Yupanqui was born Héctor Roberto Chavero Haram in Pergamino (Buenos Aires Province), in the Argentine pampas, about 200 kilometers away from Buenos Aires. His family moved to Tucumán when he was ten. In a bow to two legendary Incan kings, he adopted the stage name Atahualpa Yupanqui, which became famous the world over.
In his early years, Yupanqui travelled extensively through the northwest of Argentina and the Altiplano studying the indigenous culture. He also became radicalized and joined the Communist Party of Argentina. In 1931, he took part in the failed uprising of the Kennedy brothers and was forced to seek refuge in Uruguay. He returned to Argentina in 1934.

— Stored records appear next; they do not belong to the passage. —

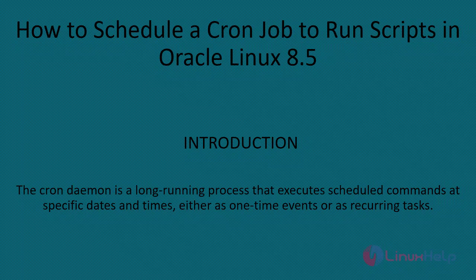Welcome to Linux Help. Today we are going to see how to schedule a cron job to run scripts in Oracle Linux 8.5. The cron daemon is a long running process that executes scheduled commands at specific dates and times, either as one-time events or as recurring tasks.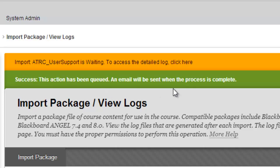You should receive a message saying that you're going to get an email when it's done, as well as an orange status indicator in your course for as long as that is processing.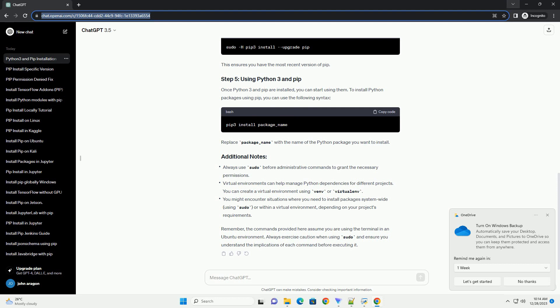To confirm that PIP for Python 3 has been installed successfully, you can check its version.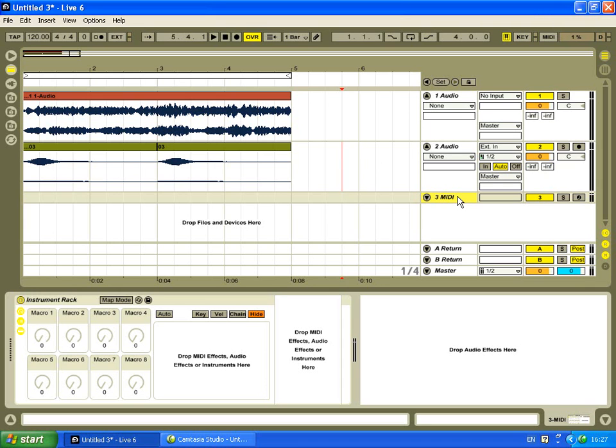So first of all, I'll show you around the actual rack itself. On the left hand side here, you've got your macro controls. Later on in another tutorial, I'll show you how to use those. Basically, they use them to map the different parameters within the rack, and then MIDI map them to your rotary dials and your MIDI keyboard.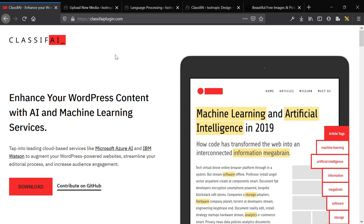Hey guys, this is James with Isotropic, and in this video I want to talk about how we can use artificial intelligence to automatically tag and add alternative text to our images in WordPress.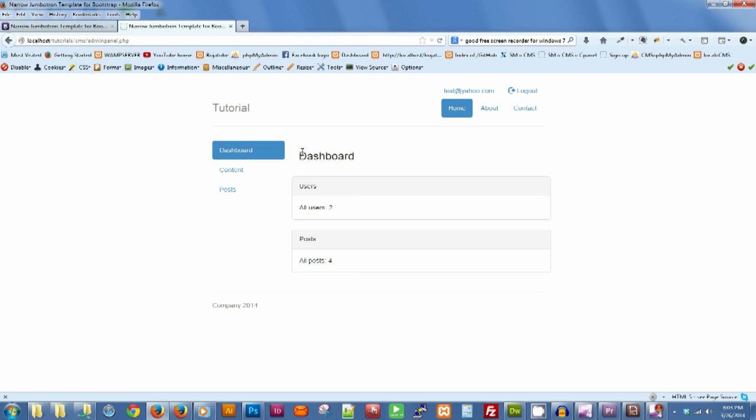This is my dashboard. As you see, I have created two users so far and I have four posts.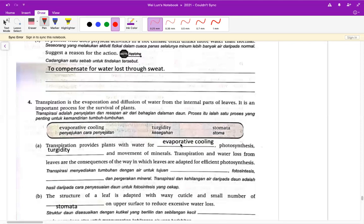第四题 transpiration is the evaporation and diffusion of water from the internal parts of leaves，it is an important process for the survival of plants。这个在讲蒸腾作用对于植物有多重要。Transpiration 有 water for evaporative cooling，因为植物不像我们动物会流汗来冷却自己，植物会利用蒸腾作用来冷却自己。蒸腾作用也可以帮助植物进行光合作用，植物需要水才可以进行光合作用，transpiration 就是会确保植物一直有足够的水的摄入量。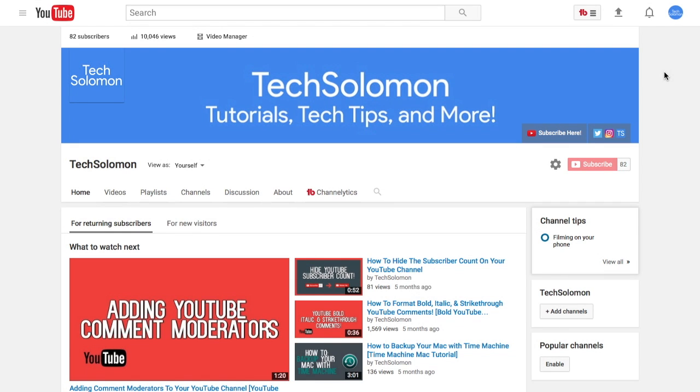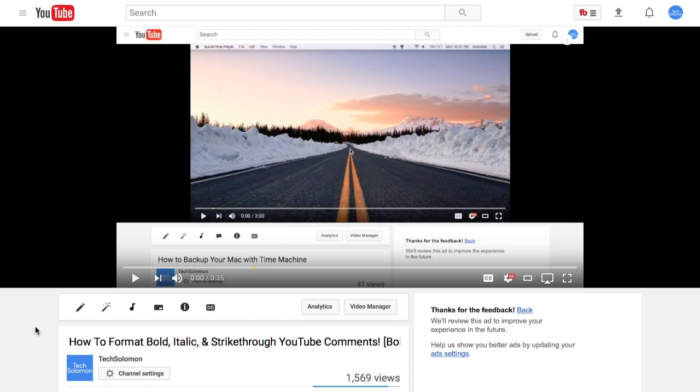The first thing you need to do is log into your YouTube account and navigate to any of your previously uploaded videos. For this example I'll be using my video on how to make bold, italic, and strikethrough comments on YouTube.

In 1935, Yupanqui paid his first visit to Buenos Aires; his compositions were growing in popularity, and he was invited to perform on the radio. Shortly thereafter, he made the acquaintance of pianist Antonieta Paula Pepin Fitzpatrick, nicknamed "Nenette", who became his lifelong companion and musical collaborator under the pseudonym "Pablo Del Cerro".
Because of his Communist Party affiliation (which lasted until 1952), his work suffered from censorship during Juan Perón's presidency; he was detained and incarcerated several times. He left for Europe in 1949. Édith Piaf invited him to perform in Paris in June of that year. He subsequently toured extensively throughout Europe.
In 1952, Yupanqui returned to Buenos Aires. He broke with the Communist Party, which made it easier for him to book radio performances.
Recognition of Yupanqui's ethnographic work became widespread during the 1960s, and nueva canción artists such as Mercedes Sosa recorded his compositions and made him popular among the younger musicians, who referred to him as Don Ata.
Yupanqui alternated between houses in Buenos Aires and Cerro Colorado, Córdoba province. During 1963-1964, he toured Colombia, Japan, Morocco, Egypt, Israel, and Italy. In 1967, he toured Spain, and settled in Paris. He returned regularly to Argentina, but these visits became less frequent when the military dictatorship of Jorge Videla came to power in 1976.
Yupanqui died in Nimes, France in 1992 at the age of 84; he was buried in the Cerro Colorado Cementery.